Protéger nos identités numériques à l’ère quantique - 26 mars 2026 - Distinctions Informatique – Document ‘ins2i.cnrs.fr’
Comment prouver son identité en ligne sans divulguer l’ensemble de ses données personnelles, tout en restant protégé face aux menaces des futurs ordinateurs quantiques ? Cette problématique constitue le cœur de la thèse de Corentin Jeudy, menée conjointement à l’Institut de recherche en informatique et systèmes aléatoires (IRISA - CNRS/Université de Rennes 1) et chez Orange. Ces travaux ont été distingués par l’accessit du prix de thèse Gilles Kahn 2025 décerné par la Société informatique de France.
Cartes bancaires, passeports électroniques, certificats numériques : une grande partie de notre sécurité en ligne repose sur les signatures électroniques. Elles permettent de vérifier qu’un document provient bien de la bonne personne et qu’il n’a pas été altéré. Ces mécanismes sont aujourd’hui considérés comme très sûrs. Mais l’arrivée des ordinateurs quantiques pourrait changer la donne.
Pour s’y préparer, les scientifiques travaillent déjà sur une nouvelle génération d’outils : la cryptographie « post-quantique », conçue pour résister à ces machines. La thèse de Corentin Jeudy s’inscrit dans cette dynamique, avec l’ambition supplémentaire de renforcer la protection de la vie privée des utilisateurs et des utilisatrices.
J’aimais les mathématiques, mais je voulais qu’elles servent à quelque chose de concret. La cryptographie est exactement à cette frontière.

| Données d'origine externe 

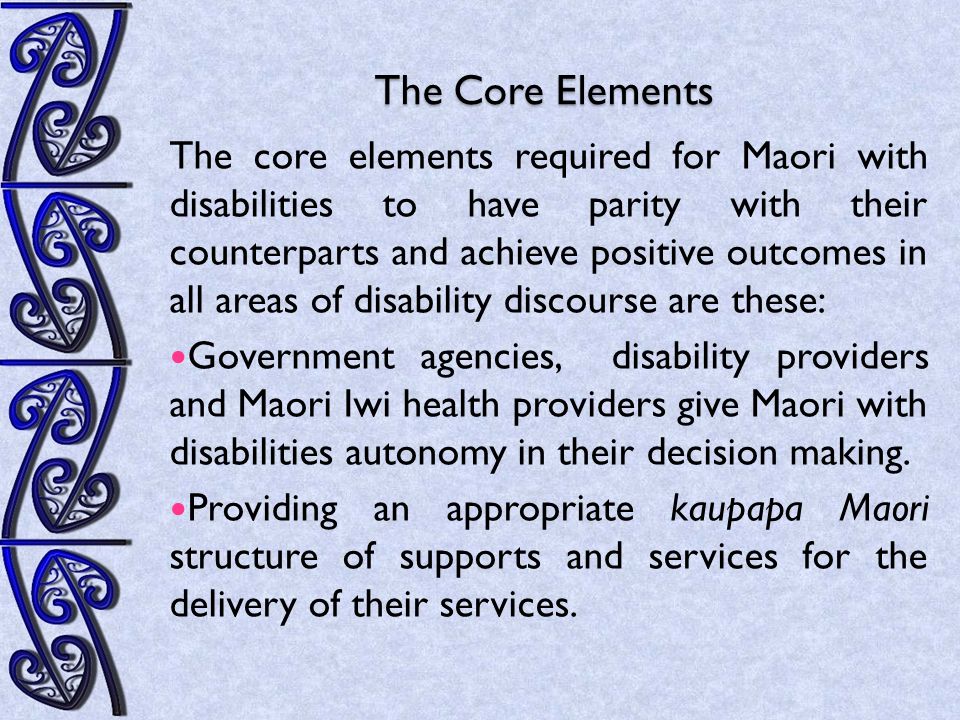 The Core Elements The core elements required for Maori with disabilities to have parity with their counterparts and achieve positive outcomes in all areas of disability discourse are these: Government agencies, disability providers and Maori Iwi health providers give Maori with disabilities autonomy in their decision making.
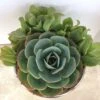 Medium Succulent Plant - Arrangement In Round, Green Enameled Planter With A Metal Rim. Beautiful, Completely Assembled Dish Garden.. -Green Aura il fullxfull.1217189162 f6jh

Un autre problème se pose aujourd’hui. Prouver son identité ou certains droits en ligne exige souvent de divulguer davantage d’informations que nécessaire. « Si je dois simplement prouver que je suis majeur, je n’ai aucune raison de divulguer mon nom, mon adresse ou mon numéro de sécurité sociale », résume le chercheur. Une fois envoyées, ces données nous échappent. Elles peuvent être copiées, conservées et exploitées. L’enjeu est donc double : sécuriser les signatures face aux menaces futures, tout en permettant une divulgation strictement minimale des informations.
Pour y répondre, ses travaux de thèse - réalisés conjointement à l’IRISA et chez Orange – ont abordé la question à plusieurs niveaux. D’abord, ils ont renforcé les bases mathématiques de certains problèmes cryptographiques. « Je me suis notamment appuyé sur un problème appelé Module Learning With Errors (MLWE), l’un des piliers des futurs standards de sécurité face aux attaques quantiques », précise-t-il. Corentin Jeudy a ainsi optimisé certains paramètres de ces problèmes mathématiques dans des algorithmes cryptographiques, tout en préservant leur niveau de sécurité.

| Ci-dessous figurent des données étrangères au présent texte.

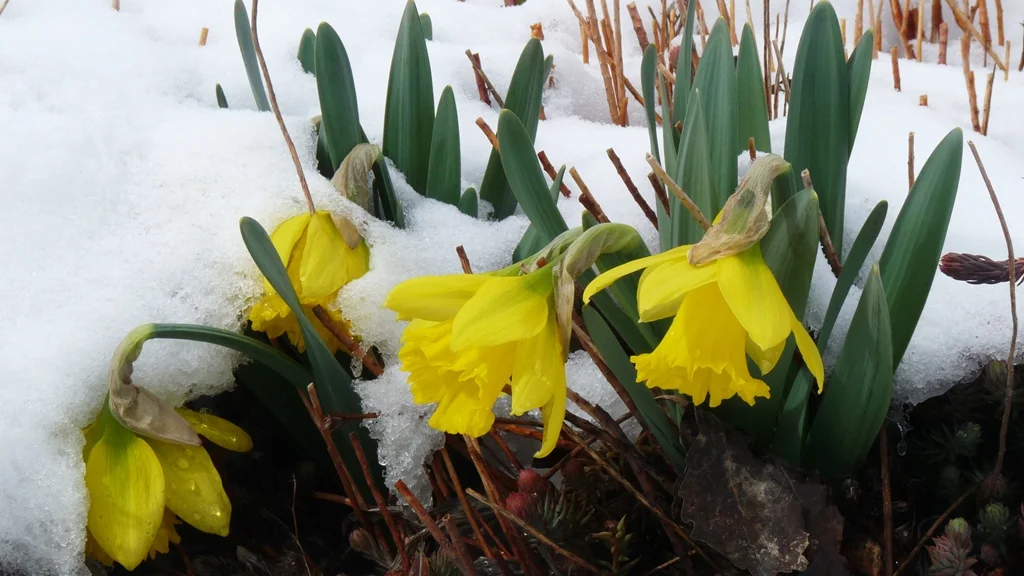 Rijnveld's Early Sensation daffodil is the earliest of the early. Daffodils are about the only bulb that the gophers will not touch in Chiloquin.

Mais sa thèse ne s’est pas arrêtée à cette étude mathématique. Elle a également abouti à la conception d’une brique cryptographique polyvalente. Celle-ci peut servir à différents usages : identité numérique anonyme, paiements électroniques respectueux de la vie privée ou encore calculs sécurisés dans le cloud. Une solution se voulant compétitive avec les standards pré-quantiques actuellement en cours de déploiement.
Les choix technologiques que nous faisons aujourd’hui détermineront le niveau de sécurité et de protection de la vie privée dans les décennies à venir.

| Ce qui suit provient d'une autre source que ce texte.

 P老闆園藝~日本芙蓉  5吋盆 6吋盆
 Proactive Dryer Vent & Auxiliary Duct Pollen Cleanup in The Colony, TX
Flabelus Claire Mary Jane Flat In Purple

Dernier défi majeur : l’efficacité. Imaginez que vous deviez envoyer à un service en ligne une preuve attestant que vous possédez bien une identité ou un droit valide. Par exemple : un document numérique officiel. Pour un usage réel, ces preuves doivent rester très légères, sous peine de ralentir les services numériques.
Bien que les constructions pré-quantiques soient extrêmement efficaces, la seule solution post-quantique disponible avant ces travaux nécessitait d’envoyer plus d’un gigaoctet de données pour produire une preuve d’authentification. « Autrement dit, cela revenait à transmettre l’équivalent d’un film HD à chaque authentification », explique Corentin Jeudy. Les algorithmes développés dans le cadre de sa thèse ont permis de réduire de manière significative la taille des preuves tout en maintenant des garanties de sécurité élevées. La preuve ne fait plus qu’environ 60 kilooctets, soit l’équivalent d’une image. Côté temps de calcul, les implémentations tournent autour de 300 millisecondes, un délai quasiment imperceptible pour les utilisateurs et utilisatrices. De quoi rapprocher ses algorithmes d’un usage concret.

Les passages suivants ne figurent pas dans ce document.